All α, ω-M-terminated intermediates from MArM upwards are, in fact, bisacrylamides. As such, they react with prim-monoamines and sec-bisamines to give linear copolymeric PAACs or PAAC/PAA copolymers with controlled amido-α-aminoacid/amidoamine sequences. As a proof of principle, the polyadditions of MArM and MArMArM with equimolecular amounts of piperazine were performed in water at room temperature, obtaining regularly sequenced copolymers with [MArM-Pip]n (Scheme 4a) and [MArMArM-Pip]n (Scheme 4b) structures. Both copolymers were isolated by freeze-drying after a single ultrafiltration step through a membrane with a molecular weight cut-off of 3000.

Scheme 4

Synthesis of l-arginine/piperazine based amidoamino acid/amidoamine copolymers.

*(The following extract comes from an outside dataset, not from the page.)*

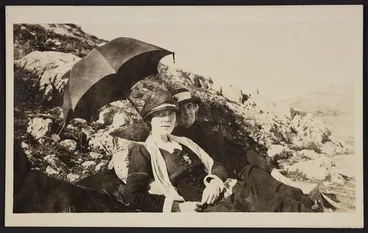 Image: Katherine Mansfield reclining beside rocks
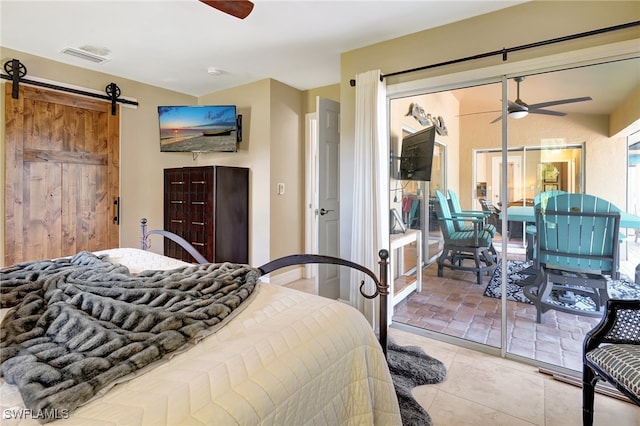 bedroom with light tile patterned floors, a barn door, and ceiling fan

[MArM-Pip]n and [MArMArM-Pip]n had M 6500 (PD 1.11) and 4800 (PD 1.09) (SEC traces reported in Figures S18 and S19), respectively. 1H NMR confirmed these determinations. The number of repeat units in both copolymers were calculated from the ratio of the C-H integrals of the arginine stereocenters present in the internal repeating units over those of the arginine units adjacent to the piperazine-functionalized terminals (Figure S9a for [MArM-Pip]n and Figure S10a for [MArMArM-Pip]n). The absence of residual acrylamide double bonds allowed to hypothesize that both terminals were equally functionalized with piperazine moieties. The obtained values, 6900 ([MArM-Pip]n) and 4500 ([MArMArM-Pip]n) were in good agreement with the SEC results. Therefore, besides having a controlled structure, these copolymers had narrow molecular weight distributions, approaching monodispersity. A possible explanation is that in these alternating PAAC-PAA copolymers the oligomeric PAAC blocks had a much higher molecular weight (482 and 810, respectively) than piperazine (86), and therefore on a weight-to-weight basis they constituted the by far prevailing portion (~85% and 90.5%, respectively). The polymerization degrees and number of molecular species of [MArM-Pip]n and [MArMArM-Pip]n present in samples of molecular weight of a few thousands was necessarily modest compared with that of a usual PAA or PAAC of similar molecular weight. During ultrafiltration, to be retained by- or to pass through the membrane was probably a matter of one or two building block units. For all these reasons, the fractionation proceeded through sharp molecular weight “jumps” and significantly narrowed polydispersity.

4. Conclusions

The results reported in this paper demonstrate that the controlled synthesis of linear PAACs both in terms of unit sequences and molecular weight is feasible. The step-by-step process devised is slow but has the advantages of simplicity and absence of secondary by-products. Moreover, all intermediates obtained in each step are alternatively α, ω-terminated by either acrylamide double bonds or sec-amine groups. Therefore, they actually constitute macromonomers that can be used as building blocks to prepare PAAC–PAA copolymers in which the different units are regularly sequenced along the polymer chain. Both types of copolymers after a single ultrafiltration step are almost monodisperse, therefore, the use of intermediate oligomers as building blocks may constitute a facile short cut to PAAC-PAA copolymers with controlled sequences and with narrow polydispersity. As a final conclusion, the synthetic process devised has a wide potential for a new category of synthetic polymers with controlled sequence of monomer units and controlled molecular weight, prepared using natural α-amino acids or their stereoisomers as monomers.